The Johannesburg bourse has cautioned shareholders to be aware that IFCA Technologies made a loss in the last financial year.
The company's results for the year to December, released last week, contain an “emphasis of matter” audit opinion, the JSE says. It has annotated the share trading system with an E to indicate the audit opinion.
IFCA Tech is the second company in the IT sector to earn an annotation from the JSE this month. Two weeks ago, the bourse pointed out that Zaptronix also has an emphasis of matter audit report after it recorded a loss.
IFCA made a net loss of almost R2 million, which is an improvement on its 2008 loss of R35.9 million. The company says it is targeting a return to profitability.
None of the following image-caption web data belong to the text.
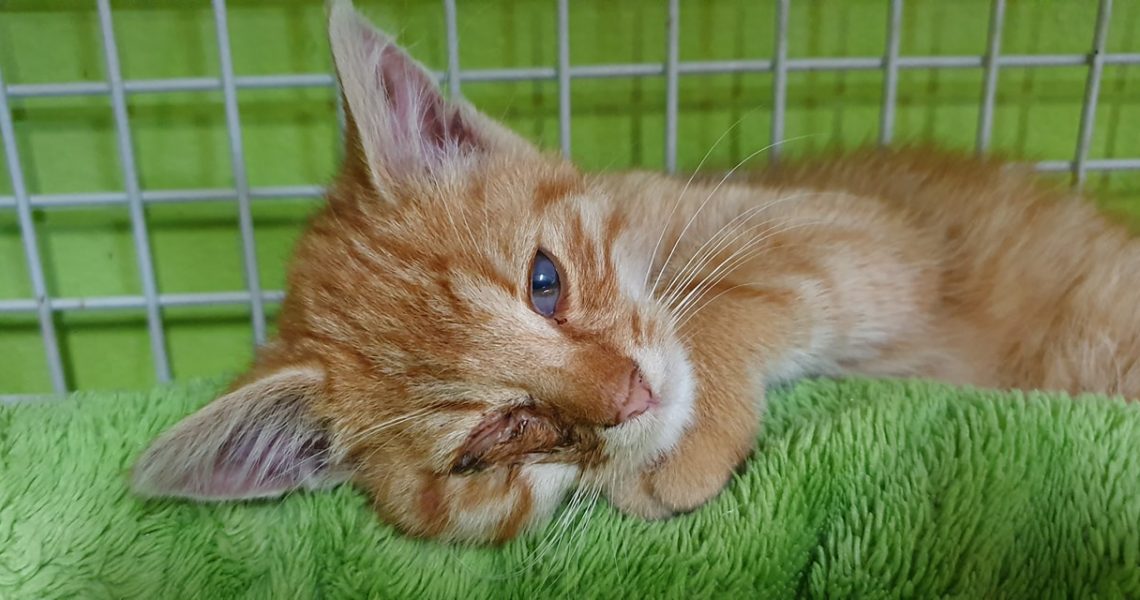 rezavý krasavec NICK...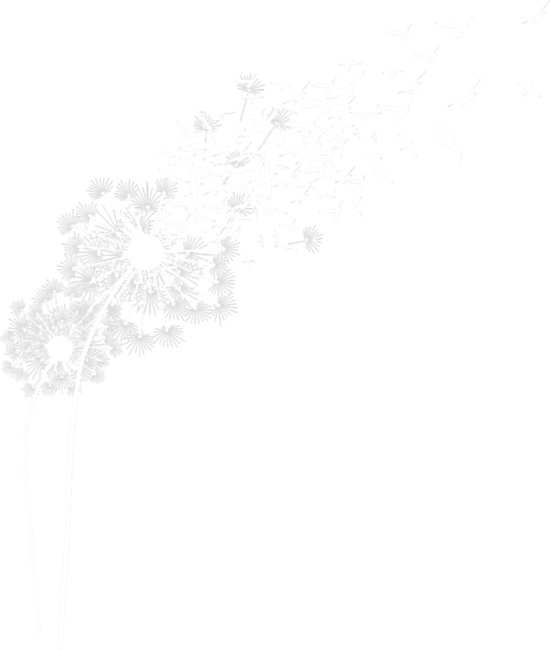 Make A Wish Dandelion Birds by Tomoken
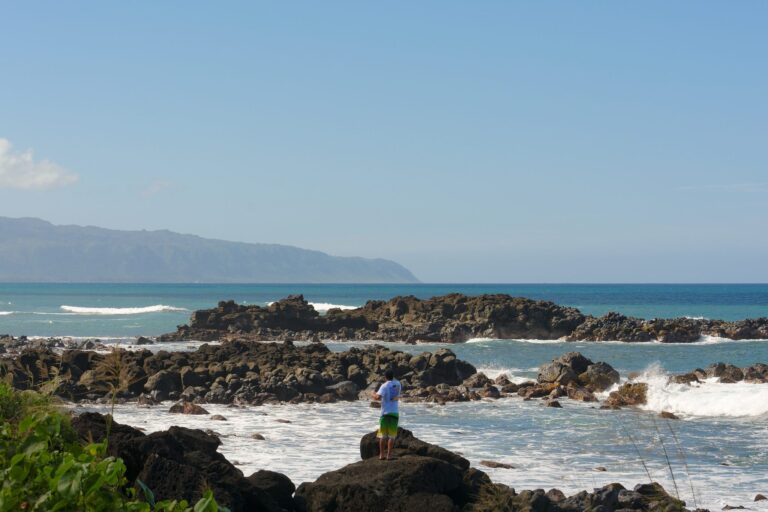 Lava rock shoreline on the North Shore of Oahu near Waimea Bay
Despite the improvement in earnings, it has not yet returned to profitability and the main objective in the next financial year is to secure new sales and to restore profitability, it says.
IFCA Tech is an investment holding company that has two subsidiaries. IFCA sWare focuses on the group's software solutions and services, and IFCA hWare on the group's computerised business equipment solutions.
The company says it appointed a new CEO, Jeffrey Christopher, at the beginning of the 2009 financial year. Christopher led IFCA's operations in the Philippines, turning the business around from a loss-making operation five years ago to a profitable venture.
IFCA Tech will also have access to software designed by parent company IFCA Malaysia. The new .Net software will be made available to clients and will compete with major ERP software products in SA.
The company's shares were flat at 5c on Friday.